The paper presents a fully analytic treatment of the effective aperture for detecting ultra‑high‑energy (UHE) neutrinos via the Askaryan (Cherenkov) radio pulse generated when such neutrinos strike the Moon. Starting from first principles, the authors model the neutrino–lunar‑regolith interaction, the subsequent development of an electromagnetic cascade, and the production of coherent Cherenkov radiation. They incorporate the neutrino‑nucleon cross‑section, cascade energy loss, and the frequency‑dependent attenuation length of radio waves in regolith to obtain the intrinsic radio‑emission spectrum as a function of neutrino energy and cascade geometry.

The next step is to propagate the radio pulse from its origin to an Earth‑based radio telescope. The authors treat refraction at the regolith‑vacuum interface, Fresnel transmission, and, crucially, the effect of lunar surface roughness. Surface roughness is parameterised by an RMS height σr and a correlation length Lr; using a Kirchhoff approximation they derive analytic expressions for the scattering and diffraction of the pulse. They show that at low frequencies (≲100 MHz) the wavelength greatly exceeds σr, so the surface behaves almost specularly and the dominant contribution comes from neutrinos arriving from the Moon’s far side (downward‑directed). At higher frequencies (≳1 GHz) the wavelength becomes comparable to σr, leading to strong diffuse scattering that enhances the contribution of upward‑directed neutrinos (those that have traversed the Moon and emerge toward Earth).

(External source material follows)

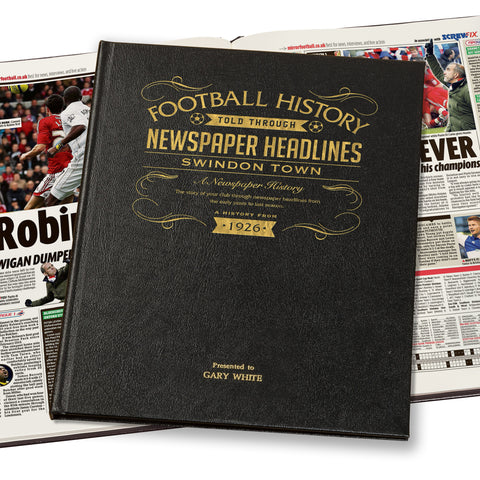 Swindon Newspaper Book - Leather Black Cover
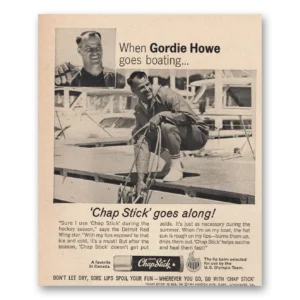 1964 Chap Stick Print Ad | Gordie Howe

By integrating over all possible neutrino arrival angles, cascade depths, and surface‑scattering outcomes, the authors obtain a closed‑form expression for the effective aperture A(Eν, f, …). This expression reproduces recent Monte‑Carlo results (e.g., James & Protheroe 2009) to within ~10 % across a broad range of energies (10¹⁸–10²² eV) and frequencies (100 MHz–3 GHz). The analytic form also clarifies why the GLUE experiment’s published neutrino‑flux limits were overly optimistic by roughly an order of magnitude: GLUE operated at 2.2 GHz with limited observing time, a regime where surface roughness and upward‑neutrino contributions are most important but were not fully accounted for.

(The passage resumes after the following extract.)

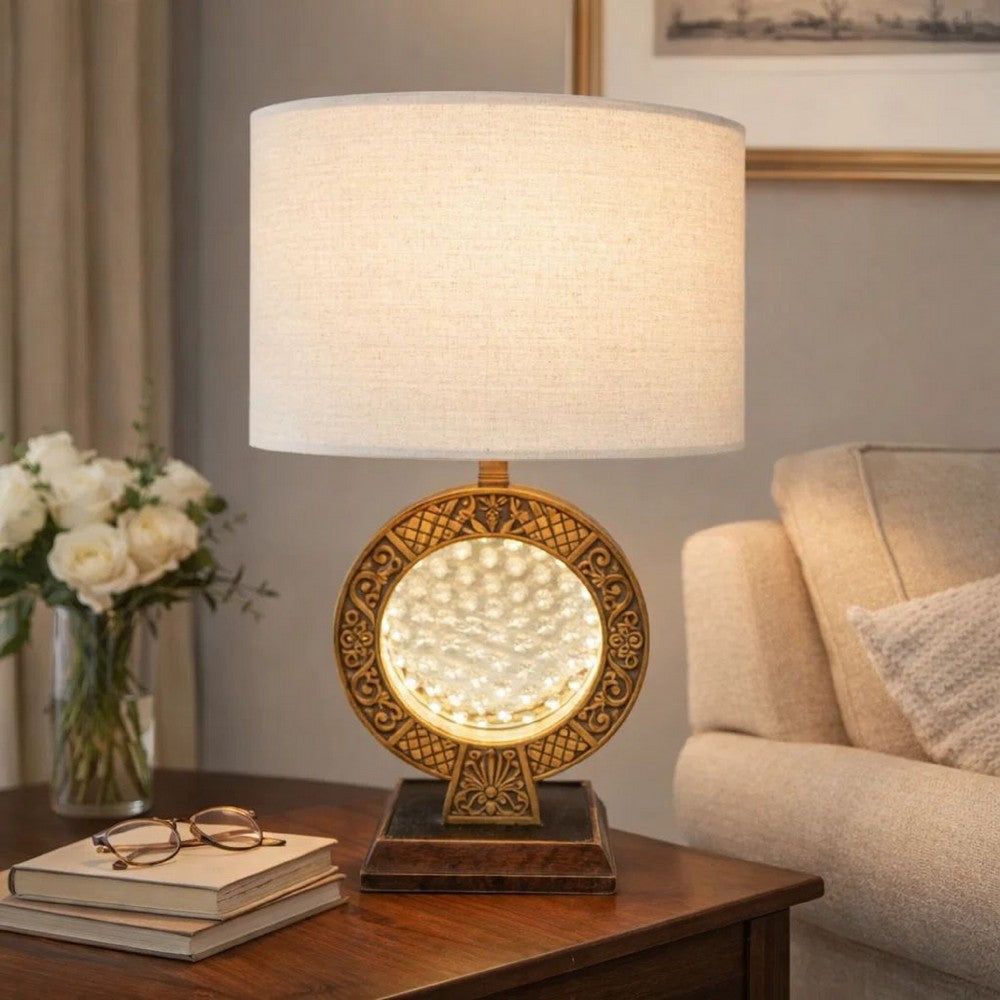 Table Lamp | Floating Crystal Core | White Shade | 28" Antique Brown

The paper then extracts scaling laws from the analytic aperture. The aperture scales roughly as f⁻¹–f⁻² with frequency, reflecting the combined effects of attenuation and roughness‑induced scattering. It scales linearly with the total collecting area of the radio array (A_tel) and with the observation time only insofar as statistical significance improves. Surface roughness enters as a multiplicative factor that can boost the aperture by up to σr³ in the high‑frequency regime. Consequently, low‑frequency observations (≈100–300 MHz) are optimal for detecting the highest‑energy GZK neutrinos (Eν≈10²⁰ eV) because the aperture is largest and the signal is less attenuated. For even higher energies (≥10²¹ eV), higher frequencies become viable, provided the lunar surface is sufficiently rough to scatter the signal toward the detector.

Finally, the authors discuss experimental implications. Detecting GZK‑scale neutrinos will likely require next‑generation low‑frequency arrays such as SKA‑Low, LOFAR, or dedicated lunar‑orbiting dipole arrays, with total effective areas of order 10⁴–10⁵ m² and cumulative exposure times of several hundred hours. For ultra‑high‑energy neutrinos (≫10²⁰ eV), higher‑frequency instruments (≈1–3 GHz) can be employed, but only if the lunar surface roughness is well characterised and the array geometry maximises the solid angle for upward‑neutrino scattering. The analytic framework presented here offers a rapid, transparent tool for optimizing such designs, evaluating trade‑offs between frequency, surface roughness, array size, and observing time, and for interpreting future lunar‑based neutrino searches.